Saturday, February 20, 2010

Rules for Reboot

Now that (500)
Days of Summer director Marc Webb has been slated to do a new Spider-Man reboot, it occurred to me that perhaps a few rules are in order before this new buzz word gets ground into dust.

  1. Give it a rest.

    Whatever the new Spidey flick ends up being called, it won't be the fastest turn-around ever seen between the time a franchise dies and is resurrected (that award goes to Hulk and its hybrid reboot/sequel five years later). But seriously, it took decades and rumors of countless other directors before Sam Raimi got the first one on the screen, and that one won't be ten years old before this superhero-in-high-school rethinking gets put upon us. There's a life cycle to these things: box office wonder, decline, obsolescence or kitch (or sometimes both), and then exile to oblivion where it should stay for a while. After all, how can we miss a franchise if it's always around?


  2. Stop it with the prodigy catapult. You're not fooling anybody.

    Someone made a really smart decision when they picked Christopher Nolan to reboot the dead-as-a-doornail Batman franchise. Nolan, at the time, had only two major features to his credit: the indie-smash Memento and the Pacino cop drama Insomnia. Both of these movies were deep-minder psychological set pieces and neither would lead one to think that Nolan was the perfect person to make a superhero blockbuster. So when he was picked, it all seemed so subversive. Young blood, uncorrupted by Hollywood success, and an actor's director to boot. Of course, this serious-mindedness is exactly what we got and is what turned Batman Begins and The Dark Knight into such great movies. So why is it that repeats of this model seemed doomed to fail? Look at poor Gavin Hood, the South African director who got noticed with his Iraq war drama Rendition, but ended up producing a stuttering (and stuttered) mess when asked to reboot the X-Men franchise (or at least the Wolverine part of it)? The difference is that Nolan was given the keys to his films and allowed to shape them with minimal interference. However, this trend of favoring inexperienced directors who are hungry for one big film is more often about picking a name who's eager to sign on and doesn't have the clout to push back when suits try running the show. If, let's say, that reboot of The Terminator happens, do you really think producers would look toward, say, Ridley Scott who has over thirty years of experience to ride on? At least the refurbished Bond movies have stuck a roster of qualified (if a bit odd) names for their films.

  3. If you're not doing anything new, it's a remake, not a reboot.

    Stephen Norrington (Mr. League of Extraordinary Gentlemen) may "reboot" The Crow.
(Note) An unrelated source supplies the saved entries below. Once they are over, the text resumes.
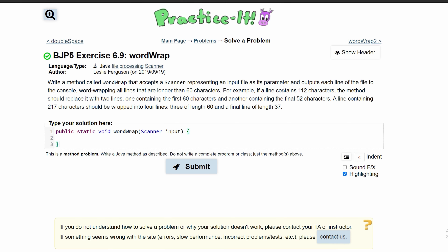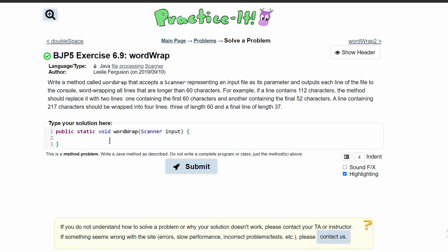The method needs to output each line of the file to the console and wordwrap all lines that are longer than 60 characters. For example, if a line contains 112 characters, the method should replace it with two lines: the first containing 60 characters and the next containing 52 characters.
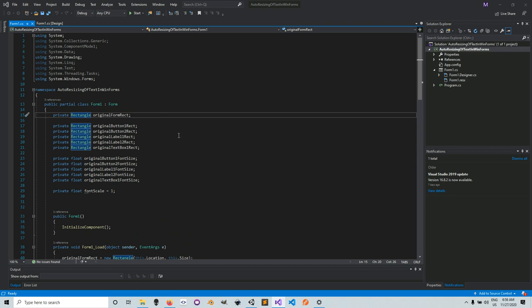If you noticed in the automatic resizing of buttons that we did, the text size does not change. I thought that might be useful to address, because the automatic resizing of text is a little bit trickier than resizing normal controls.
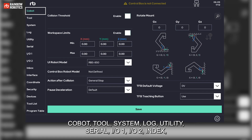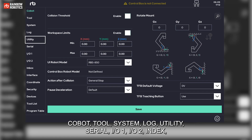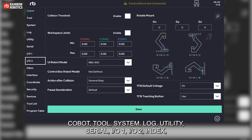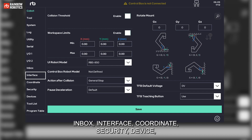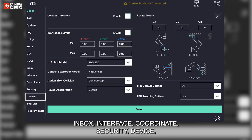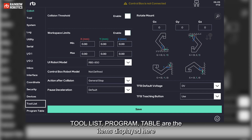The Setup menu items include: Cobot, Tool, System, Log, Utility, Serial, IO1, IO2, Index, Inbox, Interface, Coordinate, Security, Device, Tool List, Program, and Table.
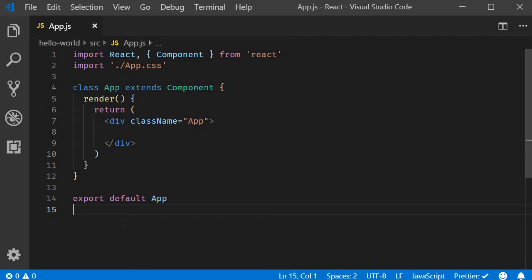In the last few videos we learned about higher order components. The HOC pattern is used to share common functionality between components without having to repeat the code. Now let's take a look at another pattern for sharing code between React components, which is the render prop pattern. We will go over this topic in two parts: in this video we will revisit why there is a need for render props, and in the next video we will see what the render prop pattern is and how to implement it.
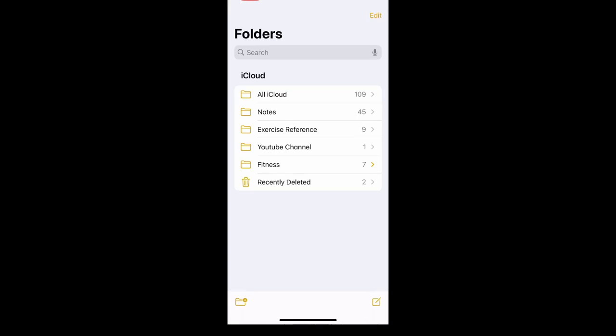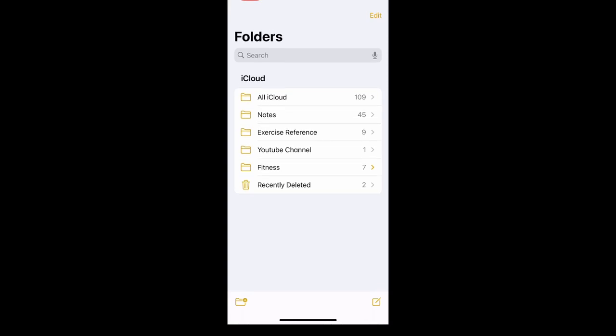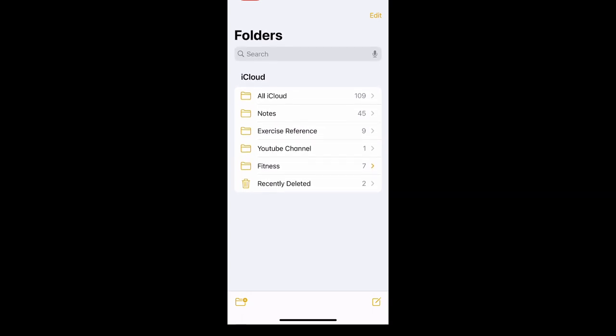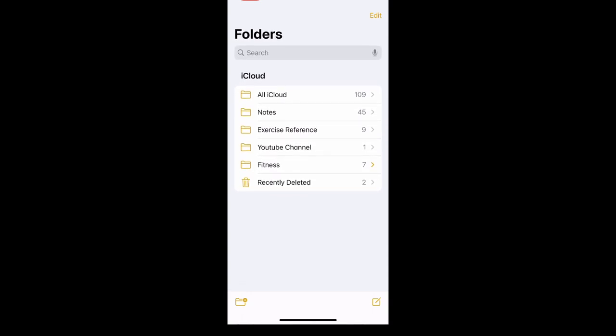What's up YouTube? Today I'm going to quickly explain why your notes might not be showing up when you sync with iCloud.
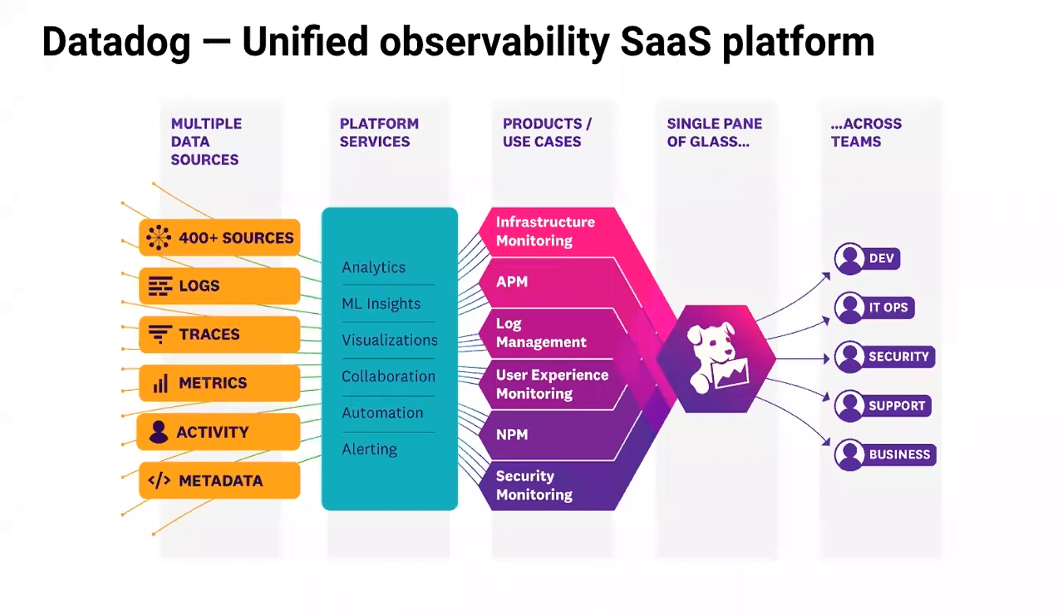With Datadog, your teams have a single source of truth, so they don't need to switch context when they're troubleshooting issues. For example, if you found an important log from one service and then go to look at the traces, we allow you to keep that context as you pivot between different areas or different aspects of the products.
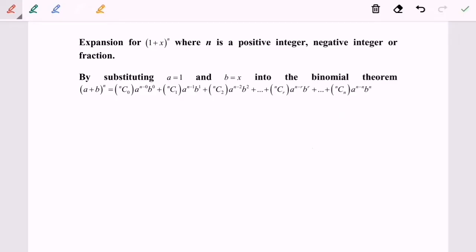Hello everyone. Today I'm going to discuss the expansion for (1+x) to the power of n, where n is a positive integer, negative integer, or a fraction.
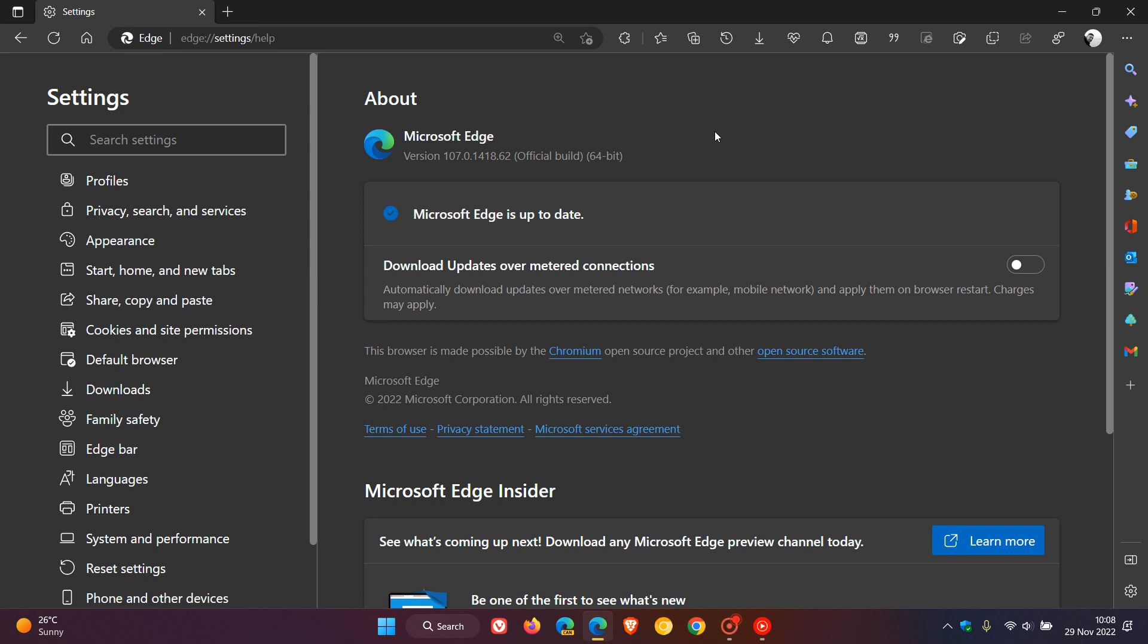Now this security fix is for CVE-2022-4135 and addresses an exploit which is called heap buffer overflow in GPU.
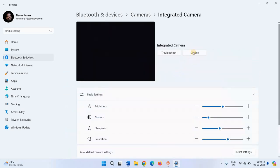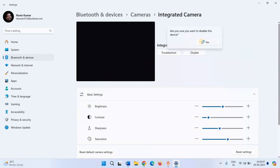To disable the camera, click on Disable. Confirm you want to disable this device. Click on Yes.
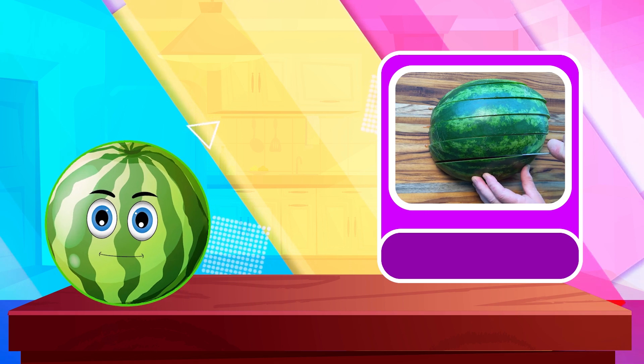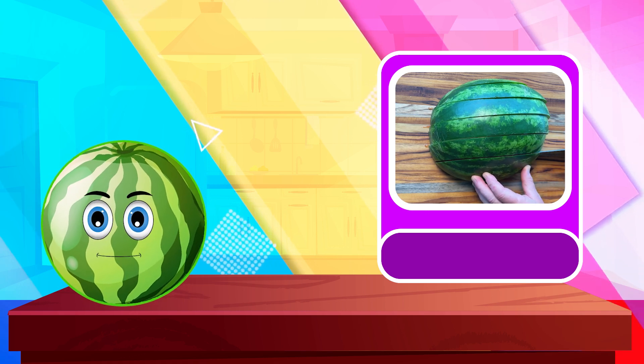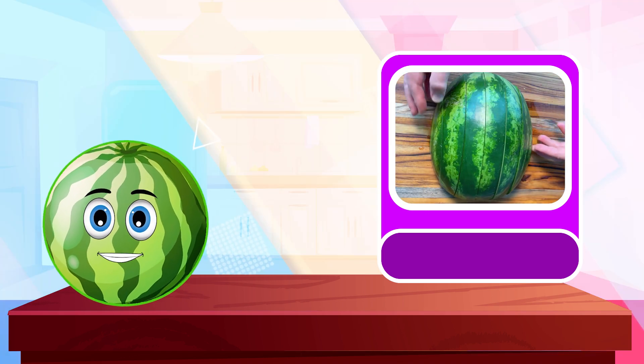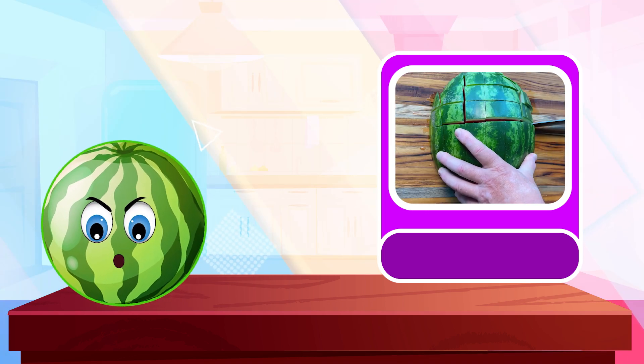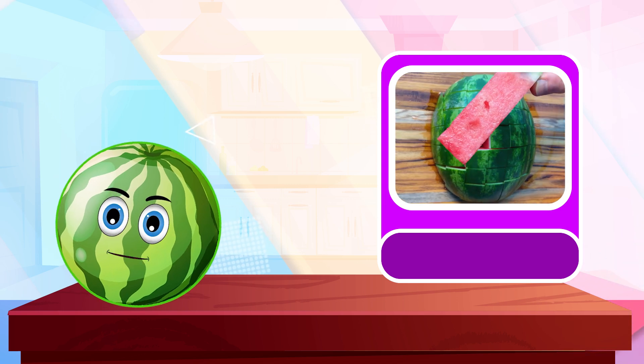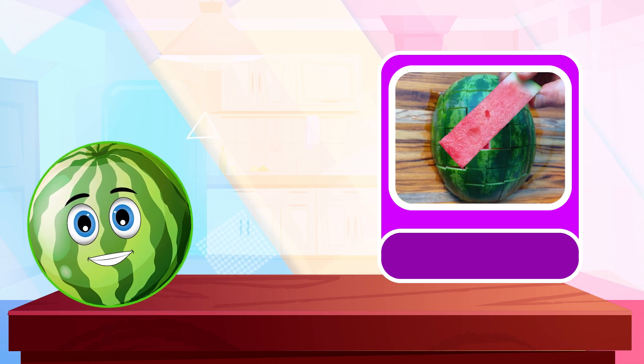Watermelon. Watermelon. Repeat again. Watermelon.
A Darren Aronofsky reboot of the Robocop series has become almost urban legend. And The Terminator is the latest name to be thrown into play. While an Aronofsky take on Mr. Tin Cop sounds cool, every single one of these sounds more like dredging up the originals with different names and a bit better effects in order to cash on the craze that everything that is old must be new again. What all of them lack is what Batman, Bond, and Star Trek all had- a new angle. Batman and Casino Royale both dumped the campy baggage their characters had built up over the decades and went for gritty realism. JJ Abrams took a franchise that had been strangled to death by its own over-wrought mythology and gave a gleeful FU to fans who insisted on strict adherence to cannon. If they make another The Crow, what's going to be different? Another dead guy beats the stuffing out of a different set of interchangeable bad guys while wearing slightly different face paint? Don't waste our time.

  4. We know things are hard all around…

    ...but don't turn reboots into just a chance to squeeze blood from a stone. The scariest thing about the new Spider-Man is how high its sets the bar before people start scrambling towards the familiar. Ok, not very many people liked Spider Man 3, but it did follow two certified blockbusters. One hiccup and its not back to the drawing board, but back in time? Follow this reasoning to its (ill)logical conclusion and if Iron Man 2 underperforms, we may see a reboot of that by 2013. Think back to Star Trek. That original film series made a run of 23 years and ten films, and more than a couple of them were dogs (cough- Star Trek V). By the time Nemesis came around it had probably been long overdue to put it out of its misery, but scrapping one successful franchise due to a stumble caused by getting in the director's way (see rule #2) may mean we'll be on a never-ending carousel of refitted and failing old ideas.